Christian Frederick Ramftler (1780–1832) was a German born teacher, minister, and supporter of missionaries, serving the Moravian Church, who worked for most of his career in England. He founded the Moravian Church in Brockweir, Gloucestershire.

==Birth, education and early career in Germany==
Ramftler was born at the Moravian settlement at Barby in 1780, into an old Moravian family. At the age of seven he was sent to the Moravian school at Kleinwelka; he then entered the Pædagogium at Barby, and completed his education by studying theology at Niesky. After completing his studies, he served the Moravian Church as a schoolmaster for two years, first at Neusalz an der Oder, in Prussia (now Nowa Sól, Poland) and then at Uhyst. To his surprise, he then ‘received a call to England’. He consulted the Lot; the Lot gave consent; and he came to England in 1803.

==Life in England==
After arriving in England, he served as a master in the Moravian’s boarding-school at Fairfield, Droylsden, in Lancashire.

In 1809 or 1810 he was called as minister to the Moravian settlement at Bedford. The church, the Bedford Congregation, was later called St Peter’s Moravian Church; it eventually became St Luke's United Church, which closed in 2008.

When Ramftler accepted the call to the ministry, he was informed that he would have to marry, and wife was found for him by the Church (following Moravian tradition, this would have involved consulting the Lot). She was Elizabeth Groves, and they married in 1810. The marriage is reported to have been a happy one.

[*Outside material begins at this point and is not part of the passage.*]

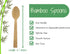 Bamboo Disposable & Compostable Spoons | Biodegradable | 6.7" Eco-Friendly Utensils | 100 Pack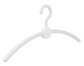 Garderobehanger "Point" kunststof wit / wit Garderobehanger "Point" kunststof wit / wit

Their daughter, Elizabeth Groves Ramftler was born on 2 October 1815, and baptised on 8 October 1815.

In 1812, Ramftler moved to the Moravian settlement at Fulneck, in Pudsey, West Yorkshire, where he was stationed twelve years, until 1824. Whilst at Fulneck, Ramftler published The National Calamity improved. A sermon preached in reference to the interment of the Princess Charlotte Augusta of Wales.

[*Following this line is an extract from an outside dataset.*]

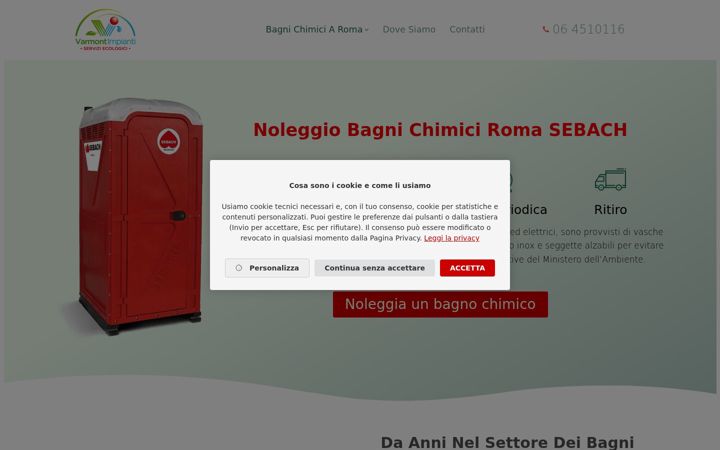 Screenshot of bagnichimici.roma.it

Ramftler moved to Bristol in 1824. At Bristol, he was noted for his missionary zeal; he took an interest in the conversion of the Jews (through the London Society for Promoting Christianity amongst the Jews), often spoke at public meetings on behalf of the Church Missionary Society; and travelled on behalf of the London Association in Aid of Moravian Missions (Registered Charity No. 247127).

==Foundation of Brockweir Moravian Church==
In March 1832, Ramftler visited Brockweir ‘at the invitation of some pious people of the vicinity’. At the time, Brockweir lacked a church but had many pubs; and it had a reputation for lawlessness. Ramftler received an encouraging response from the villagers, and the building of a church began, financed by voluntary contributions. Ramftler persuaded Louis West to be the church’s first minister; he was to serve as minister until 1870.

Ramftler laid the foundation stone on 15 October 1832, one of his last public services. He was in ill health and had been more or less of an invalid for some years; ten days later he died suddenly, on 25 October 1832.

The church opened on 2 May 1833, when 400 adults and 120 children attended the service of dedication.

==Responses to Ramftler’s death==
In a letter informing him of Ramftler’s death, the poet and hymn writer James Montgomery was asked to write a suitable hymn (Montgomery had been received into the Moravian communion by Ramftler). The result was ‘Rest from thy labour, rest’ (On the death of a Minister).

Rev. Thomas Grinfield published Select Remains of Rev C. F. Ramftler in 1833. This was advertised as containing ‘several valuable Sermons, which Mr. Ramftler had occasionally composed, and a Series of interesting Extracts from his Journals and Correspondence’. The Remains were favourably reviewed in The West of England Journal of Science and Literature; the reviewer remarking ‘Mr Grinfield has acted the part of a faithful and judicious biographer, in laying before his readers the infirmities as well as the excellencies of this most elevated character, and it is to be wished that this example were more generally followed on such occasions’.

==Character==
Ramftler’s character was described as '… rough and abrupt; at heart he was gentle as a woman. He was a strict disciplinarian, a keen questioner, and an unflinching demander of a Christian walk. Not one jot or tittle would he allow his people to yield to the loose ways of the world. In his sermons he dealt hard blows at cant; and in his private conversation he generally managed to put his finger upon the sore spot. … In all his habits Ramftler was strictly methodical. He always rose before six; he always finished his writing by eleven; and he kept a list of the texts from which he preached'.

Ramftler’s portrait was engraved by Woodman, ‘after a drawing by Brett of Bristol’ in 1832.